2. Israel mengalami ketimpangan secara
demografi melawan pertumbuhan warga Arab. Hal ini nyata menimbulkan
rasialisme terhadap warga Israel dari keturunan Arab dan terhadap warga
Palestina. Israel akan berubah, seperti nasib Afrika Selatan pada masa
rasialisme Apartheid. Pada akhirnya legalitas Israel akan tercerabut dan
mereka akan dimusuhi. Fenomena ini sekarang sudah muncul secara
internasional. Meski dukungan terhadap Yahudi di Amerika begitu kuat,
mayoritas negara dunia tidak sepakat dalam hal ini. Apalagi jika
strategi politik Arab menyerukan solusi satu negara dan bukan dua negara
dalam menyelesaikan masalah konflik Palestina Israel.

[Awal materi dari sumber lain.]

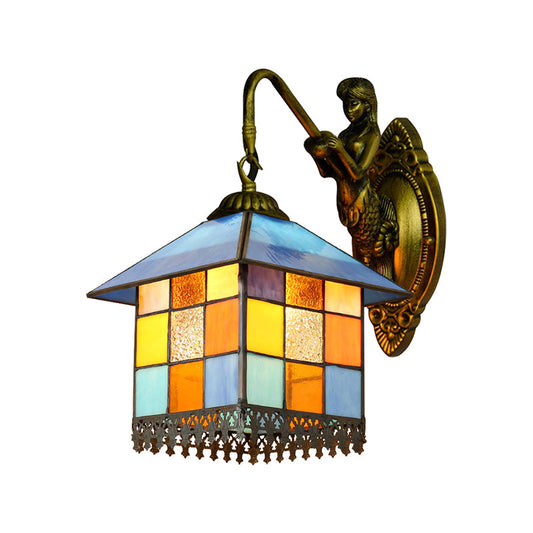 Frendorf | Haus Wandlicht Leuchte Mediterrane Multicolor Glasmalerei 1 Kopf Antikes Messing Wandleuchte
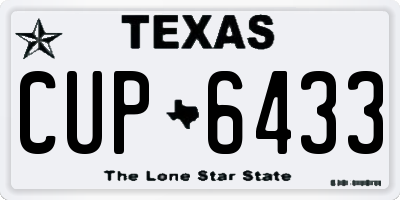 TX license plate CUP6433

3. Dunia semakin sadar tentang apa yang
terjadi di Timur Tengah. Ini artinya tekanan masyarakat internasional
terhadap pemerintah-pemerintahan mereka akan semakin kuat agar memiliki
politik tegas terhadap Israel. Di Israel sendiri mulai ada sejumlah
organisasi swasta mendukung aksi anti Israel dan melakukan aksi
internasional melawan cara-cara Israel menghancurkan rumah warga
Palestina dan pengusiran mereka. Dengan berangsurnya kemajuan ekonomi
Negara-negara Timur Tengah, perimbangan dan bargaining
perdagangan dengan sejumlah Negara akan mulai memaksa negara lain untuk
mendukung kepentingan Arab. Secara otomatis Israel akan tercekik. Resesi
ekonomi global menjadi jalan pembukanya.
4. Menurunnya jumlah militer Israel sebab
jumlah kelompok usia tua militer Israel semakin tinggi. Di samping
naiknya jumlah kelompok Yahudi ekstrem “harayadam” yang menolak
bergabung dalam militer Israel. Sekarang ini, persentase mereka sudah
menapai 9 persen dari warga Israel. Perang yang dilakukan Israel akan
menimbulkan kerugian nyawa yang tidak terkira. Sementara bangsa
Palestina, seperti yang sudah-sudah dan telah dibuktikan, akan selalu
bisa bertahan dalam kondisi seperti ini.
5. Israel mengalami masalah sosial dan
politik internal yang krusial. Perpecahan antara Kadima dan Likud akan
terus berlanjut. Kadima, sebagai pemenang pemilu 2009 tidak mendapatkan
pembagian yang adil dari sisi ekonomi dan kekuasaan. Tawaran dari
Benjamin Netanyahu (ketua Likud) ditolak mentah-mentah oleh Tzipi Livni
(Kadima). Kondisi ini akan berlangsung lama dan akan menjadi api dalam
sekam bagi Israel.
6. Kelas terpelajar sekuler dari Barat
mereka eksodus balik. Sehingga di Israel hanya akan tersisa kelompok
akstrem dalam politik dan agama. Perseteruan dua kelompok ini sangat
panas sebab satu sama lain mengkafirkan.
7. Ekstremis dan fanatisme kelompok di Israel akan saling menghabisi. Ini barangkali yang digambarkan dalam Al-Quran “kalian kira mereka berkumpul tapi hati mereka terpecah.”